Friday, December 31, 2004

Vernon Can Read by Vernon Jordan

Interesting memoir of Vernon Jordan, who played major roles in the civil rights movement and was an advisor to several presidents.

Wednesday, December 29, 2004

Spectator Bird by Wallace Stegner

Through reading his journal from the trip, an elderly couple remember a trip they took 20 years previously. Switching back and forth from the trip to the present, the book is about life, getting old, marriage, commitment, choices. It’s by Stegner – so (as always) it’s beautifully written.

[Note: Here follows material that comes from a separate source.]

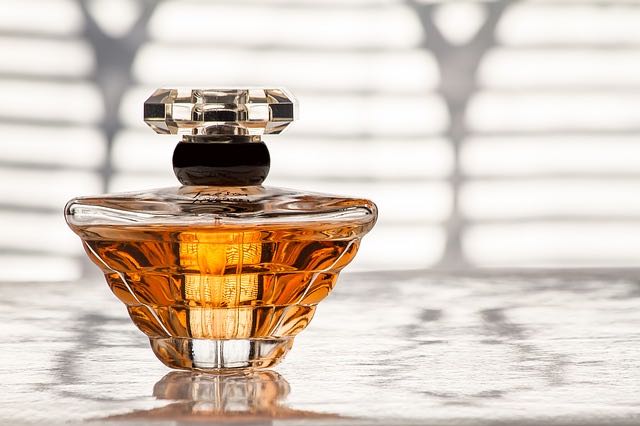 parfums pour chaque personnes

Tuesday, December 28, 2004

46 Pages by Scott Liell

About the remarkable impact that Thomas Paine’s Common Sense pamphlet (which was only 46 pages long) had on changing the mood of the colonies in early 1776 - leading up to the Declaration of Independence in July.

Monday, December 27, 2004

Recapitulation by Wallace Stegner

A successful diplomat returns to his home town to organize his aunt’s funeral and reflects on the people who impacted him while he was growing up, and influenced who he has become.

Sunday, December 26, 2004

Absolutely American by David Lipsky

Lipsky was given unprecedented access to follow a class through West Point. Interesting book about kids who chose a very different college experience. The class he followed graduated in 2002, so Sept 11 had different implications for them than for that class at most other colleges.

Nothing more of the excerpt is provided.